AFRICAN REFORMATION: African Initiated Christianity in the 20th Century


Author(s): Allan H. Anderson, HARDCOVER
Edited By Allan H. Anderson, HARDCOVER

Purchase: EURO $99.95

Type: Book
Language: English
ISBN: N/A
ISSN: N/A
Content:: Indigenous Knowledge
Source: African World Press
Timeline: The Contemporary Age - From 1789 to 2011
Published: 2019

Description

African Reformation provides an overview of African initiated churches (AICs) in different parts of Sub-Saharan Africa, examining the reasons for the emergence and growth of churches that have resulted from the interaction between Christianity and African pre-Chrisitan religions. It describes the characteristics of different types of churches and the lessons they teach the universal church. Concise histories, teachings, beliefs, and practices of representative churches in different African countries and their significance for world Christianity are examined. Different kinds of AICs are discussed, from the earliest "Ethiopian" and "African" churches that emerged at the end of the nineteenth century to the later, more prolific"prophet-healing" and "spiritual" churches, the main focus, and the most recent "new Pentecostal" or "Charismatic" churches have have developed since 1970. The reasons for the emergence, development and growth of AICs in the twentieth century is considered. Much of the book is historical, discussing the ancient Ethiopian church, Kimpa Vita (Dona Beatrice) and the birth of the AIC movement in the Kongo Kingdom, and early movements in West Africa and South Africa at the end of the nineteenth century. 

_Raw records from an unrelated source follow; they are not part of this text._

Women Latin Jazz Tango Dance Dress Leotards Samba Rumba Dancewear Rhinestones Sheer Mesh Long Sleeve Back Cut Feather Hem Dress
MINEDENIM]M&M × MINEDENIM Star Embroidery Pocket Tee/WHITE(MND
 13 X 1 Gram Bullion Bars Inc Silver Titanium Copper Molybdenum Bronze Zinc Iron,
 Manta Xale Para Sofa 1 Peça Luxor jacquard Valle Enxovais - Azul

The AICs in different regions are then discussed, such as the fascinating story of the Liberian prophet William Wade Harris and the Harrist movement that emerged from his remarkable ministry, as well as their influence on AICs throughout West Africa, the rise of 
spiritual churches" in Ghana, and "Aladura" (praying) churches in Nigeria. Parallel developments in AICs south of the Zambezi, with particular focus on Zimbabwe and South Africa, are then treated, where the greatest proliferation of AICs in the continent is to be found, especially the Zionist and Apostolic movements in Southern Africa and the more unusual Zulu movement of Isaiah Shembe, the Nazareth Baptist Church or "amaNazaretha." The focus shifts to the area from the Congo Basin to the Zambezi, with the moving story of Simon Kimbangu and Kimbanguism in the Congo, the rise of Ngunzism, and the tragic episode of Alice Lenshina and the Lumpa movement in Zambia. In East Africa and particularly in Kenya, AICs have proliferated. Some of the particular churches unique to that region are discussed. The more recent development of the "new Pentecostals" that have arisen in different parts of the continent in the last three decades of the twentieth century are discussed, along with the rapidly growing independent Pentecostal of Charismatic churches and the challenges these present to the church in Africa today.

The significance of these specific churches for the mission and theology of the church in Africa is considered, including the churches' innovative adaptations and their attitudes towards older African religious beliefs, their contribution to an "enacted" and contextualized African theology, and finally, the reforming initiatives of AICs and their challenges to the universal church. This contribution is so far-reaching that Anderson considers this to be a reformation of at least the magnitude of the Protestant Reformation in Europe, and one may be excused for concluding that this was perhaps a more profound Reformation than the European one ever was. 

ABOUT THE AUTHOR

Allen Anderson is a South African, an 'insider' and prolific writer on African initiated Christianity, particularly in its Pentecostal forms. He has written numerous articles and five books on the subject, including Moya: The Holy Spirit in an African Context (1991), and Zion and Pentecost (2000). He was formerly principal of Tshwane Theological College in South Africa, and researcher at the University of South Africa (1988-1995), from where he gained his doctorate in 1992. Since 1995 he has been director of the Research Unit for New Religions and Churches in the School of Historical Studies, University of Birmingham, England.